WALHI Jawa Timur menyoroti izin pertambangan di Trenggalek berpotensi untuk memperentan wilayahnya dari ancaman bencana. Menurut Wahyu, perizinan tambang emas PT SMN di Trenggalek tumpang tindih dengan kawasan hutan lindung dan kawasan karst.
“Artinya Pemerintah Provinsi Jawa Timur memfasilitasi tambang dengan adanya Perda RTRW. Di satu sisi, wilayah Trenggalek juga masuk kawasan lindung, terutama kawasan hutan lindung dan karst, tapi juga difasilitasi pertambangan. Berarti kan tumpang tindih,” ucap Wahyu.
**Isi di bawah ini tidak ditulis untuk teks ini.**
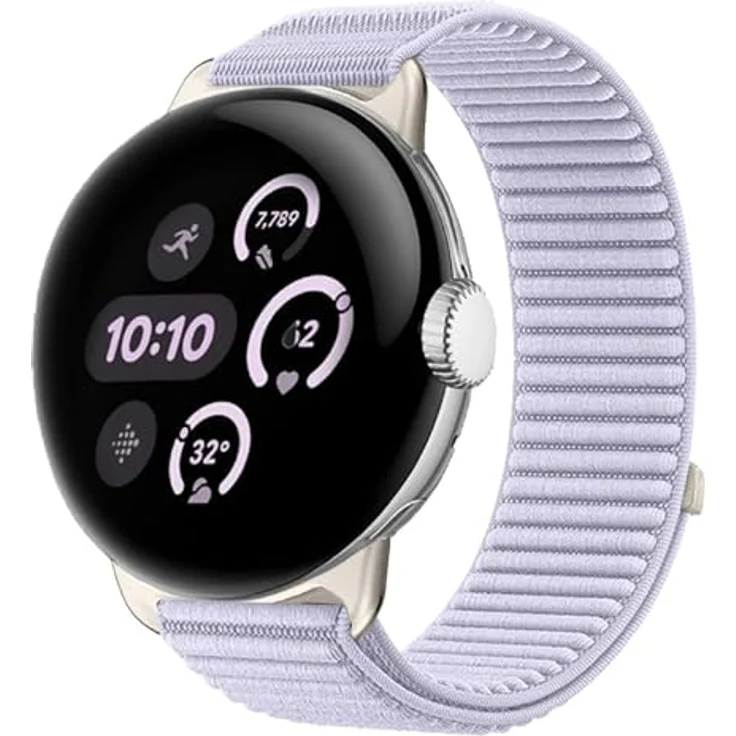 GIOPUEY Geflochtenes Nylon Armband für Google Pixel Watch 4/3/2/1 41mm, Elastisches unisex Ersatzarmband in light purple, Hohe Atmungsaktivität und Komfort – Bild 1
Perlu diketahui, berdasarkan dokumen Izin Usaha Pertambangan Operasi Produksi (IUP OP) PT SMN, ada 9 dari 14 kecamatan di Trenggalek yang masuk konsesi tambang emas. Area konsesi 12.813,41 hektare dari PT SMN itu tercacat sebagai tambang emas terbesar di Pulau Jawa.
Rancangan Perda RTRW Jawa Timur berpotensi memberi dampak yang luas. Selain wilayah hutan, ada potensi dampak ke wilayah pemukiman, pangan, mata air, dan kawasan budi daya perikanan. Ketika tambang emas PT SMN jadi beroperasi, bertentangan dengan konteks budi daya perikanan. Salah satunya bahaya limbah yang bermuara di pantai, terutama sekitar Prigi, Kecamatan Watulimo.
“Berarti kan pemerintah Jawa Timur mengamini tambang, tapi juga mengamini budi daya perikanan. Sementara di budi daya perikanan, ikan terdampak limbah tambang. Masa bisa jalan bareng? Kan nggak mungkin,” tegas Wahyu.
Padahal, kata Wahyu, seharusnya RTRW itu lebih ketat untuk melindungi wilayah-wilayah penting yang mempunyai peran vital seperti kawasan pangan, karst, serta mata air. Tapi, nyatanya pertambangan malah difasilitasi dalam Rancangan Perda RTRW jawa Timur.
“Dengan munculnya perda ini, berarti jalan memuluskan pertambangan ini semakin gampang, karena tambang bisa masuk kawasan budi daya dan hutan lindung. Nah, tentu ini akan menjadi dalih korporasi [PT SMN] yang sudah dapat IUP untuk mengeksploitasi di kawasan Trenggalek,” tandas Wahyu.